[Numpy-discussion] Response to PEP suggestions

Thu Feb 17 15:54:27 EST 2005

On Feb 17, 2005, at 7:52 PM, Travis Oliphant wrote:

>
> I'm glad to get the feedback.
>
> 1) Types
>
> I like Francesc's suggestion that .typecode return a code and .type 
> return a Python class.   What is the attitude and opinion regarding 
> the use of attributes or methods for
> this kind of thing?  It always seems to me so arbitrary as to what is 
> an attribute or what
> is a method.

I don't think it really matters. Attributes seem natural, shape is an 
attribute for instance, so why not type? In the end, I don't care.

> There will definitely be support for the nummary-style type 
> specification.   Something like that will be how they print (I like 
> the 'i4', 'f4', specification a bit better though). There will also be 
> support for specification in terms of a c-type.  The typecodes will 
> still be there, underneath.

sounds fine to me.

>
> One thing has always bothered me though.  Why is a double complex type 
> Complex64? and a float complex type Complex32.  This seems to break 
> the idea that the number at the end specifies a bit width.   Why don't 
> we just call it Complex64 and Complex128?  Can we change this?

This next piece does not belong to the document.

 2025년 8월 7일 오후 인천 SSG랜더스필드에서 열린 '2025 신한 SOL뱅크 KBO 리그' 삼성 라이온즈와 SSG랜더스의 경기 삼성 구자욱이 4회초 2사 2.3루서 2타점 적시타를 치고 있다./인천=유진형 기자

I actually find the current approach natural. You specify the width of 
the real and the imaginary type, which are some  kind of a double type. 
Again, in the end I would not care.

> I'm also glad that some recognize the problems with always requiring 
> specification of types in terms of bit-width or byte-widths as these 
> are not the same across platforms.  For some types (like Int8 or 
> Int16) this is not a problem.   But what about long double?  On an 
> intel machine long double is Float96 while on a PowerPC it is 
> Float128.   Wouldn't it just be easier to specify LDouble or 'g' then 
> special-case your code?

long double is a bit of a special case. I guess I would probably not 
use it anyway. The point is indeed that having things like LDouble is 
'a good thing'.

> Problems also exist when you are interfacing with hardware or other C 
> or Fortran code.  You know you want single-precision floating point.  
> You don't know or care what the bit-width is.    I think with the 
> Integer types the bit-width specification is more important than 
> floating point types.  In sum, I think it is important to have the 
> ability to specify it both ways.

I completely agree with this. I probably dont care for floating point, 
it is good enough to distinguish between single and double precision. 
Integer types are a different story, you want to be a bit more precise 
then. Having both solves the problem quite well.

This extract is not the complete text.